Table des Contenus

Fixing and Optimizing the GnuCOBOL Preprocessor

Date: 2024-04-30
Catégorie: GnuCOBOL
Tags: gnucobol



In this post, I will present some work that we did on the GnuCOBOL compiler, the only fully-mature open-source compiler for COBOL. It all started with a bug issued by one of our customers that we fixed by improving the preprocessing pass of the compiler. We later went on and optimised it to get better performances than the initial version.

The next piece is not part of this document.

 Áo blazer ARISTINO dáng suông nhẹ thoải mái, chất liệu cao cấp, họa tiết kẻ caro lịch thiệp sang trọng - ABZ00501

Supporting the GnuCOBOL compiler has become one of our commercial activities. If you are interested in this project, we have a dedicated website on our SuperBOL offer, a set of tools and services to ease deploying GnuCOBOL in a company to replace proprietary COBOL environments.

At
OCamlPro, we often favor correctness over performance. But at the
end, our software is correct AND often faster than its competitors!
Optimizing software is an art, that often contradicts popular
beliefs.

At OCamlPro, we often favor correctness over performance. But at the end, our software is correct AND often faster than its competitors! Optimizing software is an art, that often contradicts popular beliefs.

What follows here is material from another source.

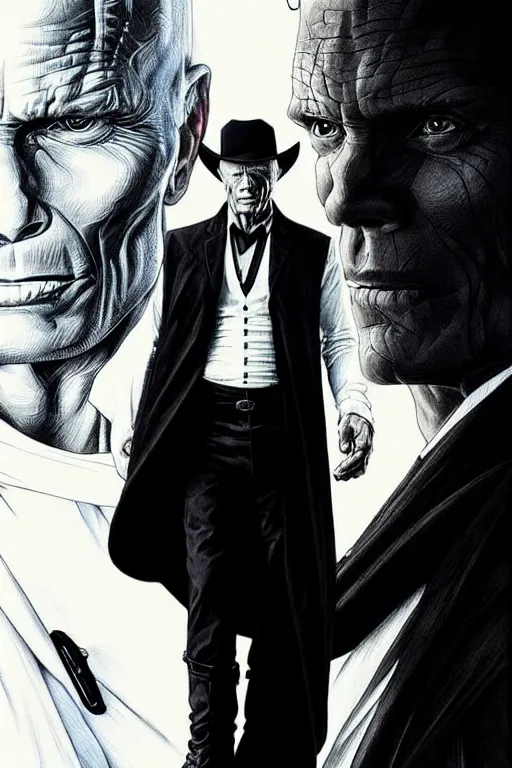 Image similar to ed harris as the man in black, westworld, wearing an all white outfit in the style of art by artgerm and greg rutkowski and alphonse mucha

Preprocessing and Replacements in COBOL

COBOL was born in 1959, at a time where the science of programming languages was just starting. If you had to design a new language for the same purpose today, the result would be very different, you would do different mistakes, but maybe not fewer. Actually, COBOL has shown to be particularly resilient to time, as it is still used, 70 years later! Though it has evolved over the years (the last ISO standard for COBOL was released in January 2023), the kernel of the language is still the same, showing that most of the initial design choices were not perfect, but still got the job done.

One of these choices, which would sure scare off young developers, is how COBOL favors code reusability and sharing, through replacements done in its preprocessor.

Let's consider this COBOL code, this will be our example for the rest of this article:

DATA DIVISION.
WORKING-STORAGE SECTION.
  01 VAL1.
    COPY MY-RECORD REPLACING ==:XXX:== BY ==VAL1==.
  01 VAL2.
    COPY MY-RECORD REPLACING ==:XXX:== BY ==VAL2==.
  01 COUNTERS.
     05 COUNTER-NAMES  PIC 999 VALUE 0.
     05 COUNTER-VALUES PIC 999 VALUE 0.

We are using the free format, a modern way of formatting code, the older fixed format would require to leave a margin of 7 characters on the left. We are in the DATA division, the part of the program that defines the format of data, and specifically, in the WORKING-STORAGE section, where global variables are defined. In standard COBOL, there are no local variables, so the WORKING-STORAGE section usually contains all the variables of the program, even temporary ones.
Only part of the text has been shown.